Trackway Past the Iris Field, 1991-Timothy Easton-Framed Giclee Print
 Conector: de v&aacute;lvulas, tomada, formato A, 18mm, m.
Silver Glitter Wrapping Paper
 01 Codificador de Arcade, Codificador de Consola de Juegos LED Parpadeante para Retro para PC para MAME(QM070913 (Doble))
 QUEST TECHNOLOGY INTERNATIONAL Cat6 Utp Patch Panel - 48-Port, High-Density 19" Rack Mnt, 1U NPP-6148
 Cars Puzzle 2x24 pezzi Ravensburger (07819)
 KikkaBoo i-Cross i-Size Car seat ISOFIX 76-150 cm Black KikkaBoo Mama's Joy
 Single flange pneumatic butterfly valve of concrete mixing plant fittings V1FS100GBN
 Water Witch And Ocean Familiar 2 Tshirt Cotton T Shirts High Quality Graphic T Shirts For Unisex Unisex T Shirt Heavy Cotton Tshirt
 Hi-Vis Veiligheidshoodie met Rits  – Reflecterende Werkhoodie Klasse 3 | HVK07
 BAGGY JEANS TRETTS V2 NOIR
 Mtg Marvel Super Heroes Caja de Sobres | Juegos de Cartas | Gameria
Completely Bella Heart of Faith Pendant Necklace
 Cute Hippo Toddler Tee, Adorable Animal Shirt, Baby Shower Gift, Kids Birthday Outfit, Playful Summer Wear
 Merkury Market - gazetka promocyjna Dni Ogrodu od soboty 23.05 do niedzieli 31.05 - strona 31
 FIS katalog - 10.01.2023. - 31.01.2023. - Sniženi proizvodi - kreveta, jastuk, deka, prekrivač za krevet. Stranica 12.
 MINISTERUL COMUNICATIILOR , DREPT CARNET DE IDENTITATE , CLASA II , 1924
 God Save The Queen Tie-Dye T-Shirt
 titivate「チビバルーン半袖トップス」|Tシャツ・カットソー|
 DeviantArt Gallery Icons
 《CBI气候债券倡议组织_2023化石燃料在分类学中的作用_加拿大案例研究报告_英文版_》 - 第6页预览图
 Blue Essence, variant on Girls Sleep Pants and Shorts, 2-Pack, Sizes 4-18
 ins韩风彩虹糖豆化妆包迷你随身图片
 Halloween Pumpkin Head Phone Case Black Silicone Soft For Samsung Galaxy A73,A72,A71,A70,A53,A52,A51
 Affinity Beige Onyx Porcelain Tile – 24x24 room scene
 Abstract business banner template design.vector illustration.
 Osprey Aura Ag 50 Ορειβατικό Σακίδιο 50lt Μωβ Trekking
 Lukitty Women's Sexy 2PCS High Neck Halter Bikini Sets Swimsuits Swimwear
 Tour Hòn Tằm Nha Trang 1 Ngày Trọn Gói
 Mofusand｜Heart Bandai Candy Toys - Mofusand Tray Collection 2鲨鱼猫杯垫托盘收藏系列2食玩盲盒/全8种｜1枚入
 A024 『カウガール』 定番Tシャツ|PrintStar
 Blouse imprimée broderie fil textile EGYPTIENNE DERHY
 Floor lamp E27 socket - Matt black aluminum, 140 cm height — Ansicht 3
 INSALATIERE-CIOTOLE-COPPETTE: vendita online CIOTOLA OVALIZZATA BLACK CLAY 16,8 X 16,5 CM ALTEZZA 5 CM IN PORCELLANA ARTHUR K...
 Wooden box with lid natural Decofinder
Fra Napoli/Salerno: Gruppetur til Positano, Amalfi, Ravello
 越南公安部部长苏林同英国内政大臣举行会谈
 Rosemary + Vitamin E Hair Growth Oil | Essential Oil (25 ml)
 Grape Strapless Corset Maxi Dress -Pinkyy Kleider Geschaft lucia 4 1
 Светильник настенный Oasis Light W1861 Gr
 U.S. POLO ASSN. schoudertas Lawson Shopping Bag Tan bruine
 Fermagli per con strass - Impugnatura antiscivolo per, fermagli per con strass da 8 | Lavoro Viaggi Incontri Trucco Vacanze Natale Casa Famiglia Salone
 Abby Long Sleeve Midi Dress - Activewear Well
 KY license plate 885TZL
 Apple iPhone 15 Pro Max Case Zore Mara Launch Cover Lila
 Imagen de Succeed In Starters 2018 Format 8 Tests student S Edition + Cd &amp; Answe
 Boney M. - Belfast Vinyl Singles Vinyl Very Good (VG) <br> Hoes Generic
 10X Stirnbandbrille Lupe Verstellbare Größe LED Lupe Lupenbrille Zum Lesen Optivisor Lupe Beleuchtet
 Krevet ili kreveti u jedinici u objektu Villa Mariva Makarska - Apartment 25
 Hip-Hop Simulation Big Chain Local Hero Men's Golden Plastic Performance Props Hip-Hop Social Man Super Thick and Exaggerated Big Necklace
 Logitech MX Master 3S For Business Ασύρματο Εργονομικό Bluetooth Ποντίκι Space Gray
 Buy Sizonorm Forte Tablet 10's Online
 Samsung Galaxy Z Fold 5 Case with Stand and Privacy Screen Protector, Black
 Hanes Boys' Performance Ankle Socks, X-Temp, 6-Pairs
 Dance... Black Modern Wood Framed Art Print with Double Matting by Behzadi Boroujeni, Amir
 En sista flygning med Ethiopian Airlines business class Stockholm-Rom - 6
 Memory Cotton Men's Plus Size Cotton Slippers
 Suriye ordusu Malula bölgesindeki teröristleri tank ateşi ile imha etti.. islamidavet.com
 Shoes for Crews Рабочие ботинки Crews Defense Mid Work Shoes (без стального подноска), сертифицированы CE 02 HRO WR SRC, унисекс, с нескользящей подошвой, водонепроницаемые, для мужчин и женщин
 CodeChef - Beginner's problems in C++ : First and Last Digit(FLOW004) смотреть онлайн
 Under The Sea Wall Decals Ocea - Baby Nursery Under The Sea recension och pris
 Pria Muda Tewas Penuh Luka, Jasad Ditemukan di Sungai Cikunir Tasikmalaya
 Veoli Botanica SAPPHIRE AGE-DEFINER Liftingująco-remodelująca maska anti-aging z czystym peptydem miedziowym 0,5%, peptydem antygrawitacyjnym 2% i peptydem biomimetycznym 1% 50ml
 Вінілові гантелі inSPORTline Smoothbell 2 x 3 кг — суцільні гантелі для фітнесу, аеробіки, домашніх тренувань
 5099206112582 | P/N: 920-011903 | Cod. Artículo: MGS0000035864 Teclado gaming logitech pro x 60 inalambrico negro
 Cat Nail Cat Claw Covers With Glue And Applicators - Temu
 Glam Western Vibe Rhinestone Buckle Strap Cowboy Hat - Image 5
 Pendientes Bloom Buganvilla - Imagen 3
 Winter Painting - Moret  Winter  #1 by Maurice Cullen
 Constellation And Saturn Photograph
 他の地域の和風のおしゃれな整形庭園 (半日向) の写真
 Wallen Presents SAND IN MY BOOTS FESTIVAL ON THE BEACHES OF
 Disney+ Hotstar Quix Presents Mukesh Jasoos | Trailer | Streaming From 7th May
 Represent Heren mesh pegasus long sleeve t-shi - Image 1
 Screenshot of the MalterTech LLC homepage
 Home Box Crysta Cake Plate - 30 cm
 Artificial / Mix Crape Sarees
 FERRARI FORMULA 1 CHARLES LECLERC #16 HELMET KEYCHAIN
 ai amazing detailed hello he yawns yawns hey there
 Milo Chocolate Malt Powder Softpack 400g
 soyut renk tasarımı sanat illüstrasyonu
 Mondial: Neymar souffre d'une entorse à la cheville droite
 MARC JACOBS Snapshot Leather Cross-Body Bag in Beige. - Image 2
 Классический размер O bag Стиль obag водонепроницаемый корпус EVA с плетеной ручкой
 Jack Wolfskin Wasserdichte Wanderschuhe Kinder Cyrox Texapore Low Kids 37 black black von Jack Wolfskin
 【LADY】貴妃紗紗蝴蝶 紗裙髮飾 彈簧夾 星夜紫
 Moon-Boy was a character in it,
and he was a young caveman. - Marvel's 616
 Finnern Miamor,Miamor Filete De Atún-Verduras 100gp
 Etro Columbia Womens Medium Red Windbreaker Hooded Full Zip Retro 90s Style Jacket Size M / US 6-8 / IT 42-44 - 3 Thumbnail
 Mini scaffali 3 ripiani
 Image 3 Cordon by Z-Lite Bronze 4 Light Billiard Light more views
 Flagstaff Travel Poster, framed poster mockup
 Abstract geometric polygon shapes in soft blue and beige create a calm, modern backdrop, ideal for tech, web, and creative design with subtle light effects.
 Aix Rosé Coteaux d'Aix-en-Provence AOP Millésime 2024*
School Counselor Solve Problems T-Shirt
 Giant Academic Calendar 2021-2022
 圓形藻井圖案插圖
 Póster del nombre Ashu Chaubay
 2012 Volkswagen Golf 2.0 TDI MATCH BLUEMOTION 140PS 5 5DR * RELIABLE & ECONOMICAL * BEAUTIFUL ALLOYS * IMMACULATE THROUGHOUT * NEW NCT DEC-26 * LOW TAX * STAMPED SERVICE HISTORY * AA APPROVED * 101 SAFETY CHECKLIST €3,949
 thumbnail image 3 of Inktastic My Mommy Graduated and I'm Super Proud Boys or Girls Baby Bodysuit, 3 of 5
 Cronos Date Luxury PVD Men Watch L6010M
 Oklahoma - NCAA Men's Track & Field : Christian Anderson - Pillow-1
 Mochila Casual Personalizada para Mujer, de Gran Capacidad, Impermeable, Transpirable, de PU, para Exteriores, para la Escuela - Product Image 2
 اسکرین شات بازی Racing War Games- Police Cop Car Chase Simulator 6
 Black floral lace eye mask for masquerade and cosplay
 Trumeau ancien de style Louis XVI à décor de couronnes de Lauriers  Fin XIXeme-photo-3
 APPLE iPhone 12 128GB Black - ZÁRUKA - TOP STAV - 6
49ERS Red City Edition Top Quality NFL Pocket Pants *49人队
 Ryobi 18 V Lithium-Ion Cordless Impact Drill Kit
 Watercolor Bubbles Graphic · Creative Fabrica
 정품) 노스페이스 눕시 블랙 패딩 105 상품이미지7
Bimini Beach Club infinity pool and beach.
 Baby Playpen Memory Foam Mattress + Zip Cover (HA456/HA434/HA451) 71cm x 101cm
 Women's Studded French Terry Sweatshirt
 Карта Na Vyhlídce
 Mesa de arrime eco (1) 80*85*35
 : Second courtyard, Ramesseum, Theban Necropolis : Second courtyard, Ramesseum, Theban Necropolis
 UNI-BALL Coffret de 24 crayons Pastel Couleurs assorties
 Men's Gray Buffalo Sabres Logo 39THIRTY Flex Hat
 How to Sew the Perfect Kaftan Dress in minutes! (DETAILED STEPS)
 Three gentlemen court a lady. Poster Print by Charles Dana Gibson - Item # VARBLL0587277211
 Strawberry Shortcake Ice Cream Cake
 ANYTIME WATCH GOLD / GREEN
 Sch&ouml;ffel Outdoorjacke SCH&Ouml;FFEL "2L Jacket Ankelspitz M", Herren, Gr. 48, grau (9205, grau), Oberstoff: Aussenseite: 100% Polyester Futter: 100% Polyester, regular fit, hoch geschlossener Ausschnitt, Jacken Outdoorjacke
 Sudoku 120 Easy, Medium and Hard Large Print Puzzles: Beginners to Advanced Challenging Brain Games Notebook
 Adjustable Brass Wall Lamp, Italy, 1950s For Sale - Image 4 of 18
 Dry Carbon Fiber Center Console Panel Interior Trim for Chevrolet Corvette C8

-- What the task requires --
Run a filter over the data above and keep each line that contains the word "Performance".

-- Reply to the exercise --
 Hip-Hop Simulation Big Chain Local Hero Men's Golden Plastic Performance Props Hip-Hop Social Man Super Thick and Exaggerated Big Necklace
 Hanes Boys' Performance Ankle Socks, X-Temp, 6-Pairs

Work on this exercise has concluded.